Crispado Silva

Nacional

O homem não era visto nem ouvido há meses, e agora que aparece, surge-nos crispado. Motivo? Indignado com as inusitadas mortes nas urgências? Indignado com a incompetência do governo na Justiça, na Educação? Nada disso. Alguém tocou, mais uma vez – malditos sejam – no pelos vistos muito aborrecido e incómodo tema da ligação de sua excelência ao grupo Espírito Santo. Isso é que é preocupante. Já não o víamos tão exaltado desde a sua associação à SLN e ao BPN do seu amigo Oliveira e Costa. O dito senhor enervou-se, fez triste figura aos microfones e câmaras dos jornalistas, empalideceu e tremeu o queixo, deu-lhe o verbo para a lamentável postura do costume.

Vociferou a palavra “mentira” duas ou três vezes, desdisse o que tinha dito e declarou, com toda a sobranceria e despeito, “nada ter a acrescentar”

Saiu-lhe a tradicional arrogância e o tom de quem, parafraseando Saramago, tem sempre a pretensão de “dar lições”. Lá veio a remissão professoral para o site da presidência, o apontar para a raridade e santidade das suas próprias palavras, a nunca acertada interpretação dos incautos daquilo que um dia sua genialidade disse, porque nunca ninguém é suficientemente inteligente para captar o “verdadeiro alcance” das palavras sábias de Cavaco Silva.
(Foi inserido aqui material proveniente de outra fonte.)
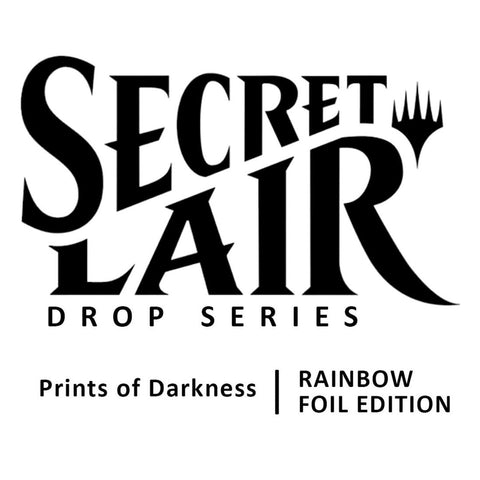 Magic the Gathering: Secret Lair: Prints of Darkness - Rainbow Foil
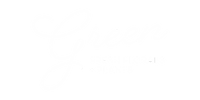 White Green Fresh Florals + Plants Logo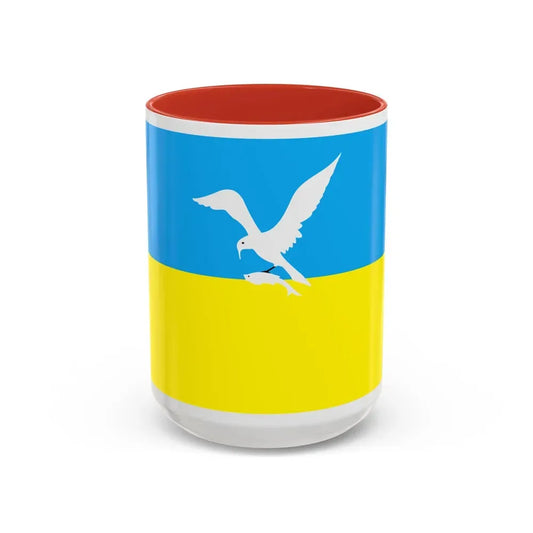 Flag of Sopot Poland - Accent Coffee Mug 15oz Red - Go Mug Yourself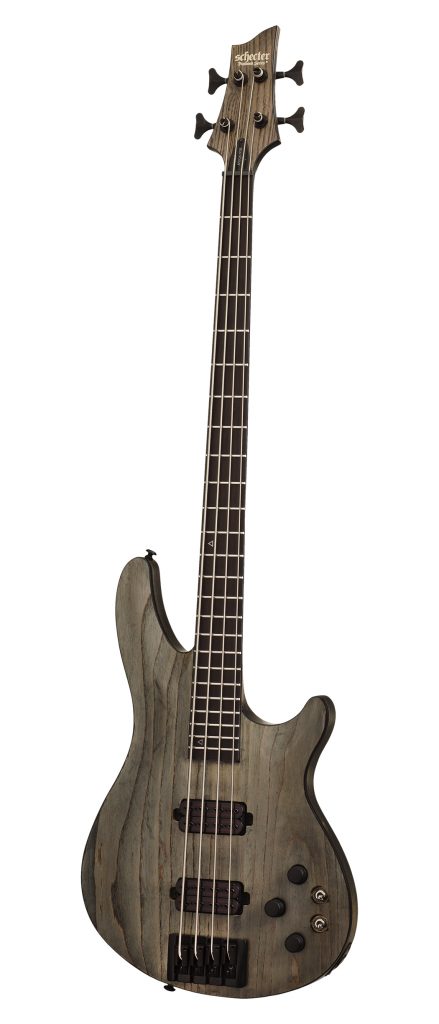 Schecter 1319 C-4 Apocalypse EX 4-String Bass Guitar, Rust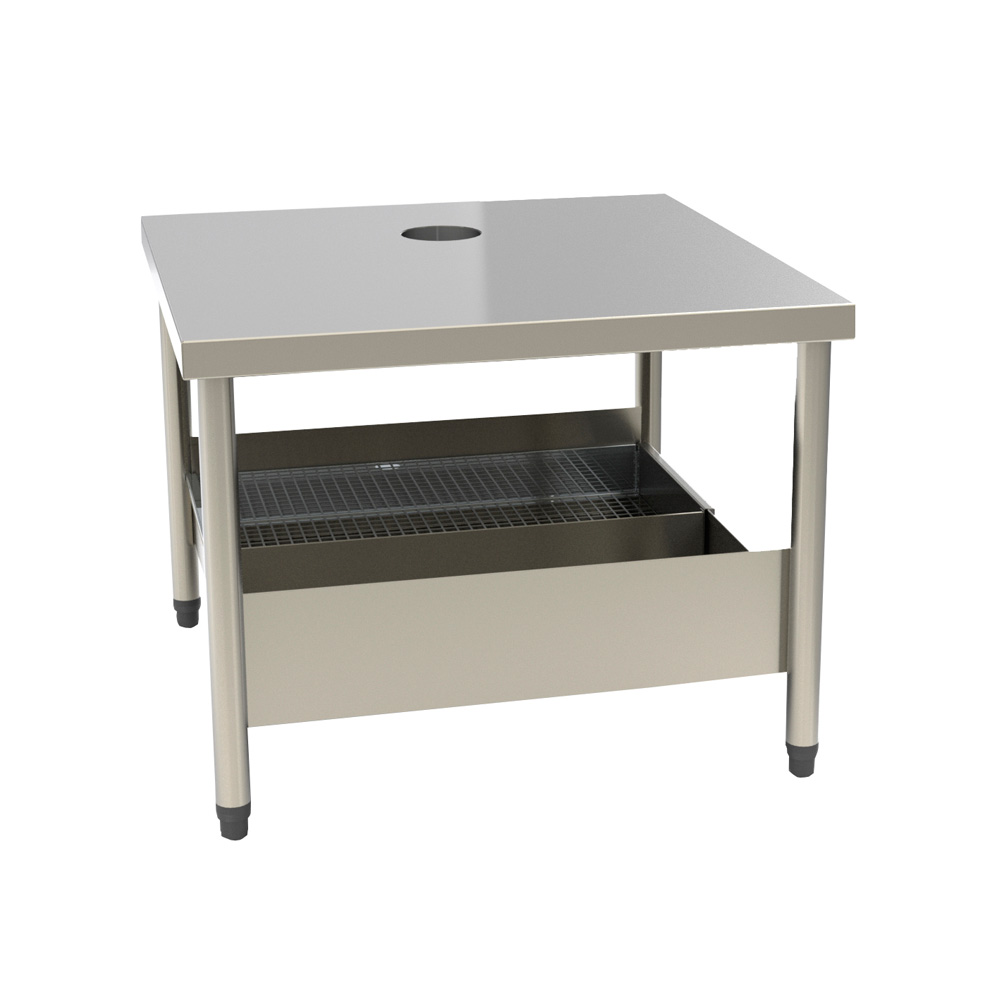 Bancada de Decantação de Detrito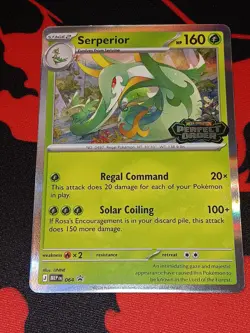 Serperior MEP 064 Pre Release Perfect Order - Pokemon TCG Black Star Promo - Image 1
Lá reapareceu a assunção fantasiosa do carácter excepcional da sua integridade política, dizendo-se, ou gabando-se, de ser «talvez o único político em Portugal» que tem tudo o que disse «publicado no site da presidência». O homem que, em boa verdade, mais provas tem dado de ser o mais desastrado, o mais diminuído, o mais comprometido, o mais desprestigiante político que o país viu após o 25 de Abril de 1974.

Entre a atrapalhação e o indisfarçável nervosismo, que só veio adensar o já muito espesso “nevoeiro BES-GES”, Cavaco Silva fechou-se em copas face às dúvidas já assumidas pela Comissão de Inquérito, vociferou a palavra “mentira” duas ou três vezes, desdisse o que tinha dito e declarou, com toda a sobranceria e despeito, “nada ter a acrescentar”. É assim que se resolve, com um “chega para lá” institucional, as necessárias e indispensáveis dúvidas que foram lançadas não por um adversário político em campanha eleitoral, mas por esse órgão de soberania que é a Assembleia da República.

Mesmo que o pedido de esclarecimento não tenha ainda chegado pela via formal à tarimba do soberano, a Comissão de Inquérito fica desde já “avisada”. O Rei não sai do palácio. Quem quiser esclarecimentos, que vá consultar as “reais palavras” ao “real édito” colocado no “real site”. E, de preferência, que desapareçam.